Archive for the ‘Twitter’ Category

How Twitter has turned everyone into journalists, and not in a good way

with one comment

I love Twitter. It’s a one stop shop for the latest news, silly jokes and links to interesting stuff, a curated list of friends, experts and contacts. In the best modern local government tradition it lets you do more with less, compressing what would previously have been half a morning’s aimless web browsing into a quick check of your feed.

That said,what drew me to Twitter was the organic way the latest news and interesting content percolated through your feed, and the way you were drawn into an overheard conversation about the world and events, rather than being slapped round the face with the LATEST NEWS, forced to read in a linear fashion the pre-mediated news priorities of the mainstream. Now even non-journalists appear increasingly to use Twitter to ‘break news’, highlight their ‘in the know’ status and ‘drive the news agenda’.

This increasingly ‘mediarised’ part of Twitter includes not only print and broadcast journalists (who are at least only doing their job), but also the new breed of commentators and bloggers (although Andrew Sullivan would contest whether writing 1,500 words a week on whether Ed Miliband is right/wrong makes you a blogger), and the even newer breed of general Twitter users playing along.

It even has its own language. A faintly interesting article about an issue of the day is not merely something that you ‘must read’, but it is also a ‘must-read’ piece, or simply a ‘must-read’ alone.  There is the ubiquitous “BREAKING” (or worse “BREAK”) to denote something that the rest of Twitter hasn’t yet thought up an obvious joke about.

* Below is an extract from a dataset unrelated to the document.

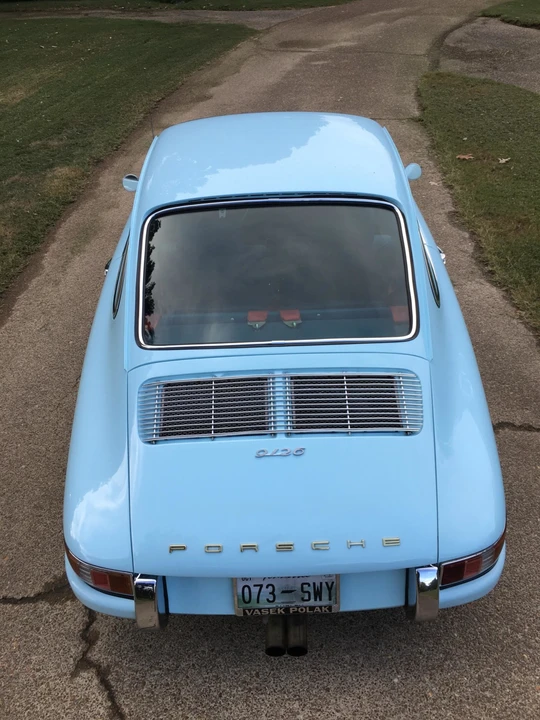 1968 Porsche 912 - Image 16 of 31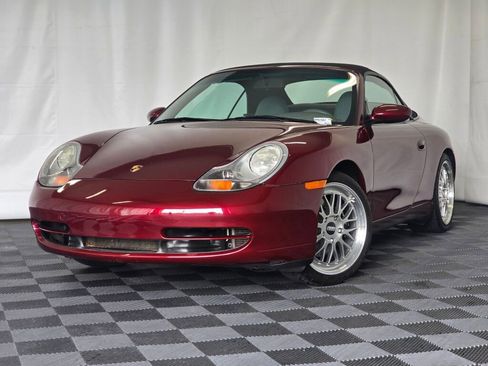Used 1999 Porsche 911 Carrera image 1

And before something is BREAKING you must be ‘hearing’ it (as in “I’m hearing a big story is going to break overnight about the Cabinet” when you mean Liam Fox has leaked another letter).

And that’s how Twitter has turned people into journalists. It’s turned them into smug, insider journalists of the worst kind. Not citizens freed by social media to reveal their own truth through research, evidence and reportage, but people captured by or actively buying into a echo-chamber that lacks perspective, has an insatiable need for drama, and seeks out the latest news trend before dumping it and moving on to something else.

As I type the Twittersphere is ablaze with the completely untrue news that Piers Morgan has been suspended by CNN, after Jon Snow was conned by a fake account purporting to be a real journalist into posting news that isn’t real. Which just about sums this post up.

NB: The likelihood that I am guilty of some or all of the sins outlined in this post is very strong. Such rank hypocrisy means I am no better than the rest of us.  I should resign.